### What you will do:
All lines from the one containing "Ortega Round Marble" through the last line of the listing should be given again exactly, with no pictures.

### Available data:
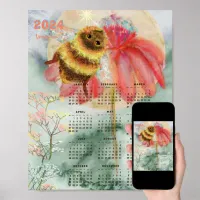 2024 Watercolor Bumblebee Calendar Poster
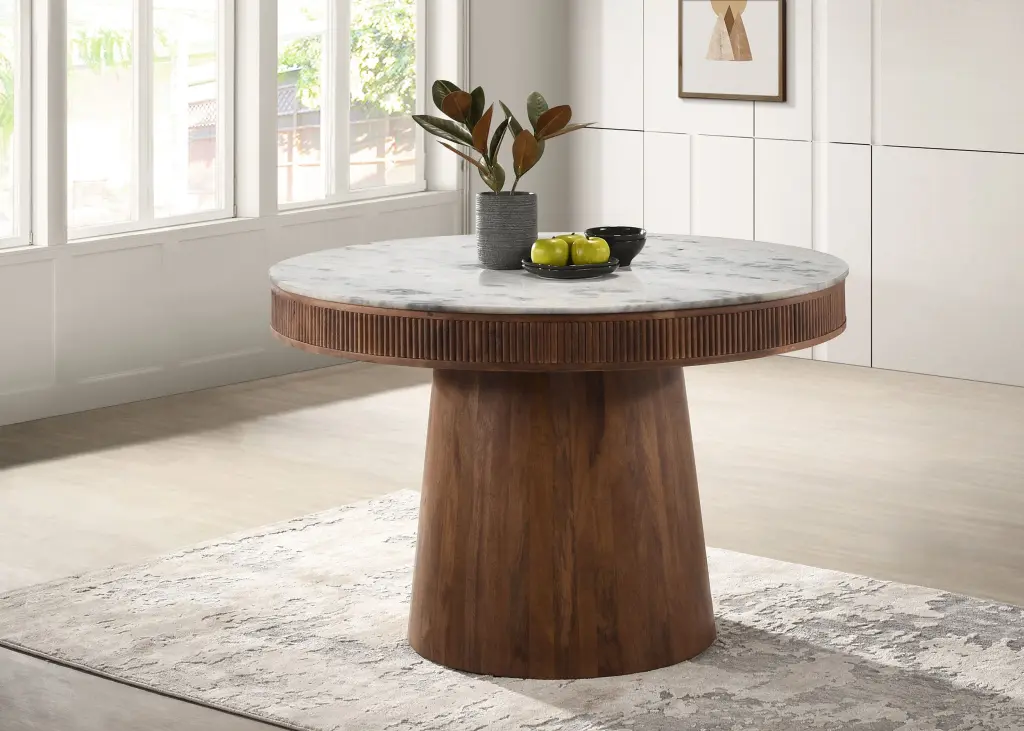 Ortega Round Marble Top Solid Base Dining Table White and Natural - Modern Kitchen Table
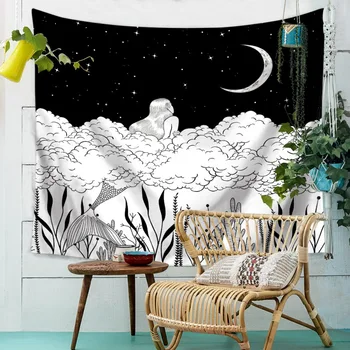 

Modern Art Tapestry Wall Hanging Black White Abstract Sketch Painting Home-Decor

### Solution to the exercise:
 Ortega Round Marble Top Solid Base Dining Table White and Natural - Modern Kitchen Table

Modern Art Tapestry Wall Hanging Black White Abstract Sketch Painting Home-Decor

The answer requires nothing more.